Consciemment, comme j’avais peur que ce spectacle-là soit lourd, j’ai fait un effort supplémentaire pour aller vers la légèreté et la lumière.
C’est fou. Les commentaires que je reçois le plus, c’est “tabarouette, j’ai tellement ri que j’en ai mal au ventre”, “tabarouette, j’ai tellement pleuré que je dois encore m'en remettre chez nous”. C’est un spectacle en montagnes russes, mais je suis heureuse de pouvoir toucher tout le monde. À la base, oui, il s’adresse et traite de personnes grosses, mais il est touchant par sa vérité pour les personnes de toute physionomie.

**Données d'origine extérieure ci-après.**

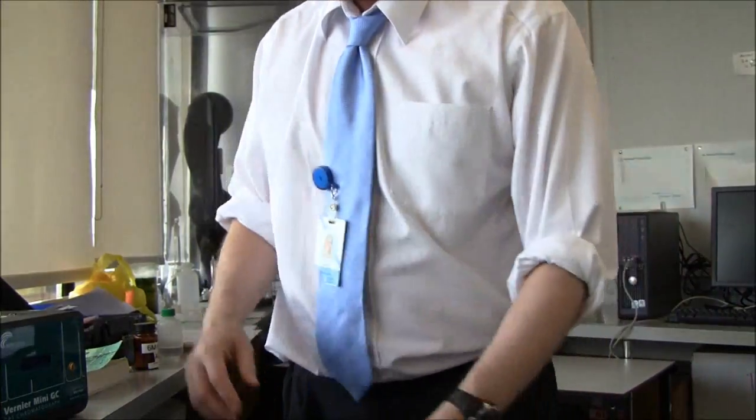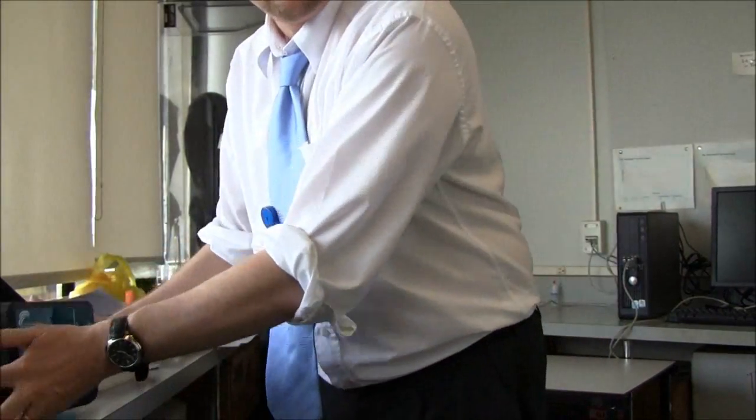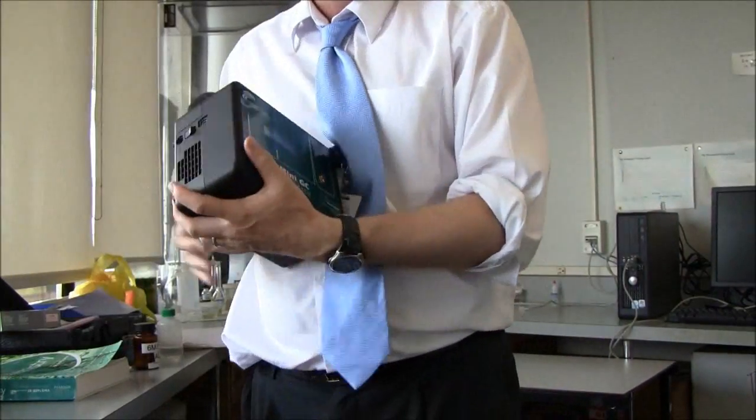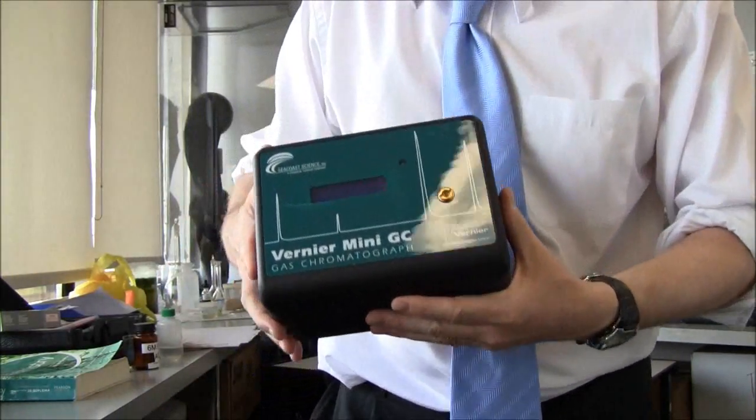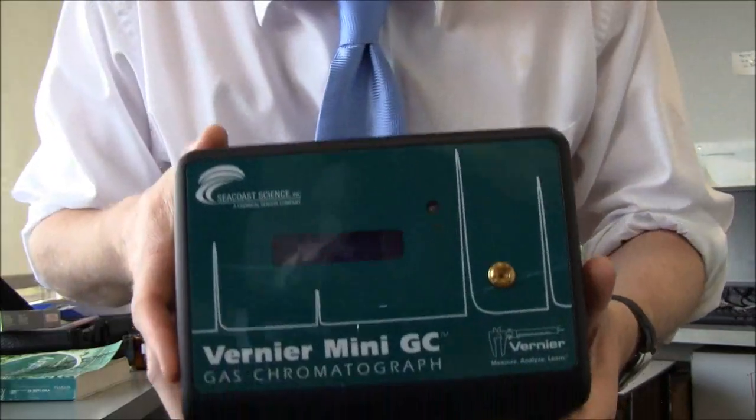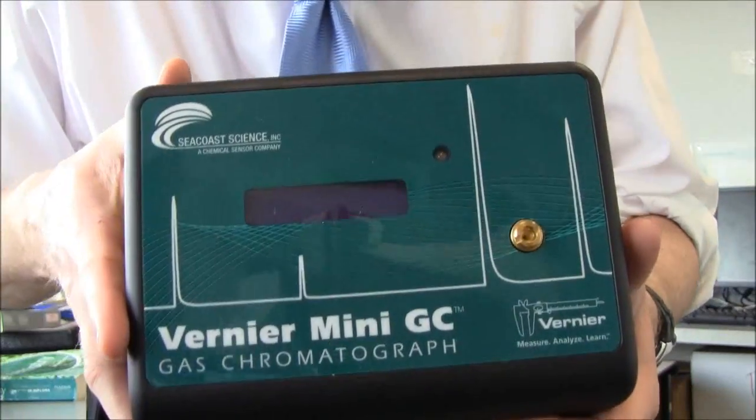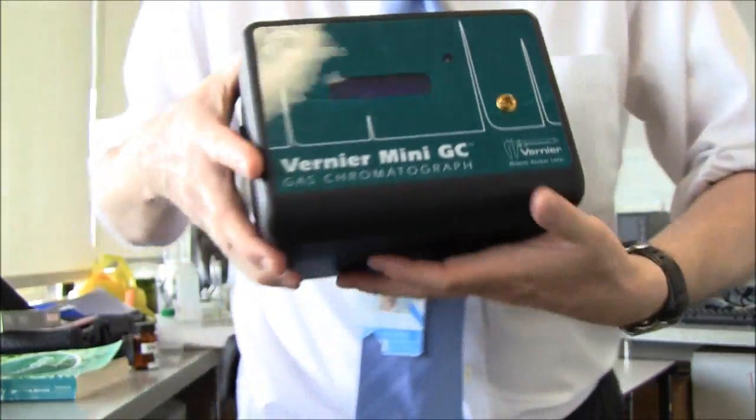This is a video about gas liquid chromatography, a high-level IB topic. This is our $2000 gas liquid chromatograph.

On a tous un corps, après tout, et des complexes qui viennent avec.
J’ai compris à quel point les propos portés dans ce texte étaient nécessaires pour combattre des préjugés sur les personnes de taille forte et tout ce qui vient avec des conseils non sollicités, de la micro-violence. Encore récemment, j’ai vécu un épisode de grossophobie en m'entraînant dehors. Un voisin est venu me donner des conseils pour perdre du poids, alors que je ne m’entraînais pas dans cette intention-là. Des personnes grosses vivent ça quotidiennement, mais on a tendance à fermer les yeux. Ça a confirmé ma volonté de mener ce texte sur scène et d’en parler publiquement. »
Le mouvement d’acceptation de soi et de la diversité permet aux personnes grosses de se réapproprier la beauté. Et toi, au contraire, tu sembles chercher autre chose, quelque chose d'authentique, de vrai. Dix-roues, c’est brutal et frondeur comme titre. On est ailleurs, non?
« Le titre, Dix-roues, je l’ai choisi pour les besoins dramatiques du texte. Je cherchais une image qui pourrait représenter comment le personnage se voit. Une image qui pourrait cristalliser cette scène du Conservatoire, où je dois me faire lever du sol et l’impossibilité de réaliser cet acte. Et l’image d’un camion dix-roues s’est imposée. De commencer avec une image aussi immense, qui n’a rien de sexy, ça répondait à tout, à ma vision et à mon propos. Après, ce camion se transforme et évolue, au fil de la pièce. Ça me permet de marquer le chemin parcouru par ce personnage dans l’acceptation de soi. »
Ç’a été comment pour toi de passer du texte à l’interprétation?
« Le piège – qui en est un et qui ne l’est pas en même temps – d'être à la fois actrice et autrice, c’est de pouvoir réécrire des phrases difficiles à dire. Je pouvais donc, en répétition, réécrire une réplique pour ne plus m’enfarger dedans. Mais cela a aussi fait en sorte, qu'au départ, j’étais constamment en train de réécrire le spectacle. C’était sans fin. J’ai dû me dire “stop” et accepter de travailler avec une version du texte, même si elle ne me semblait pas finale. »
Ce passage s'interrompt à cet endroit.